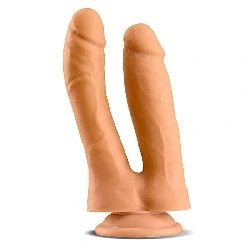 dildo doble realista 18cm natural twin - detalle 3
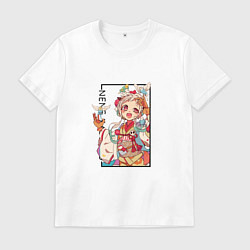 Футболка хлопковая мужская Нене Яширо Туалетный мальчик Ханако-кун, цвет: белый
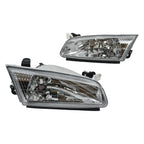 2X Crystal Halogen Headlights for Toyota Camry (1997–1999)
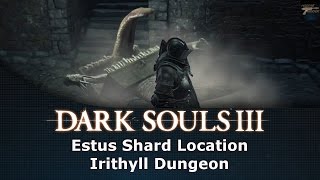 Dark Souls III Estus Shard Location Irithyll Dungeon [upl. by Nnahs]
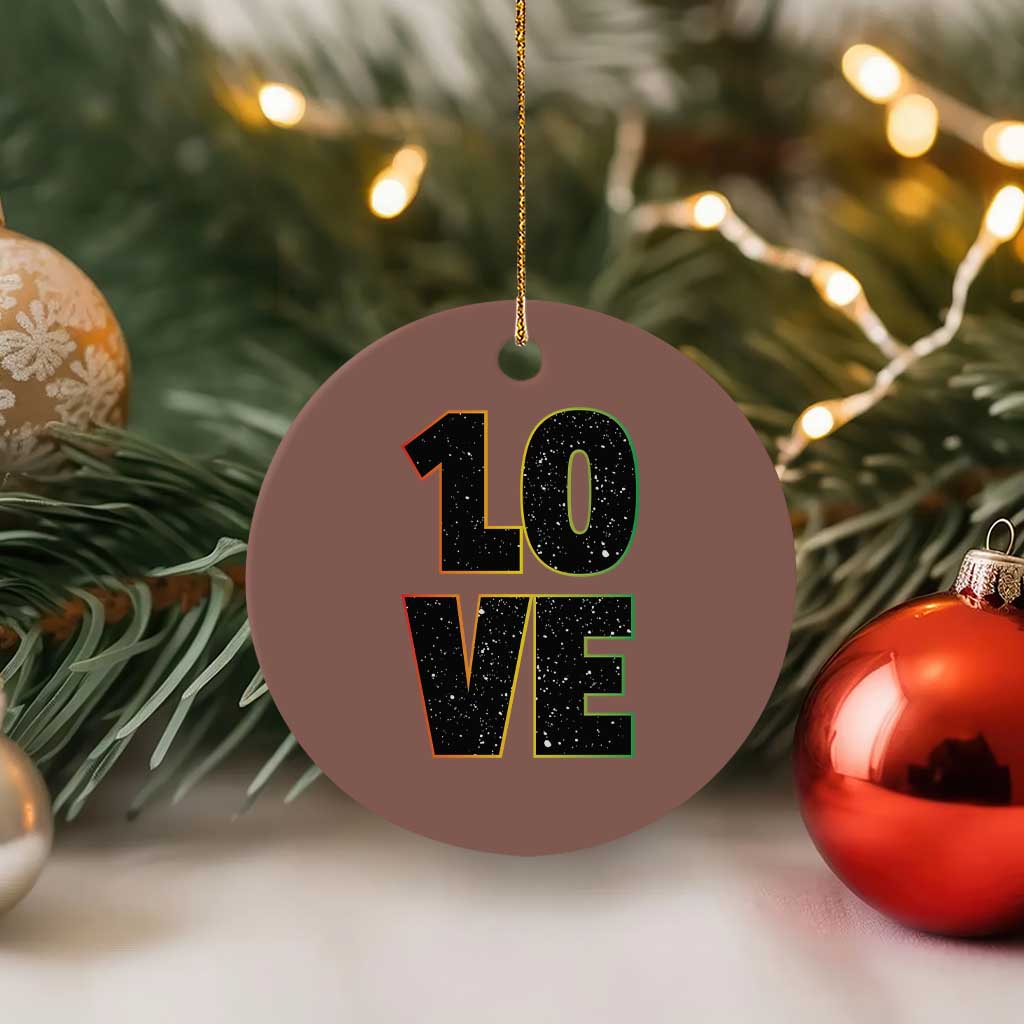 One Love Jamaican Rasta Reggage Music Ceramic Ornament - Wonder Print Shop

__WHAT YOU SHOULD DO__: Once the pictures are removed, write out all of the entries above exactly.

__EXERCISE SOLUTION__:
 dildo doble realista 18cm natural twin - detalle 3
 Футболка хлопковая мужская Нене Яширо Туалетный мальчик Ханако-кун, цвет: белый
 2X Crystal Halogen Headlights for Toyota Camry (1997–1999)
 Dark Souls III Estus Shard Location Irithyll Dungeon [upl. by Nnahs]
 One Love Jamaican Rasta Reggage Music Ceramic Ornament - Wonder Print Shop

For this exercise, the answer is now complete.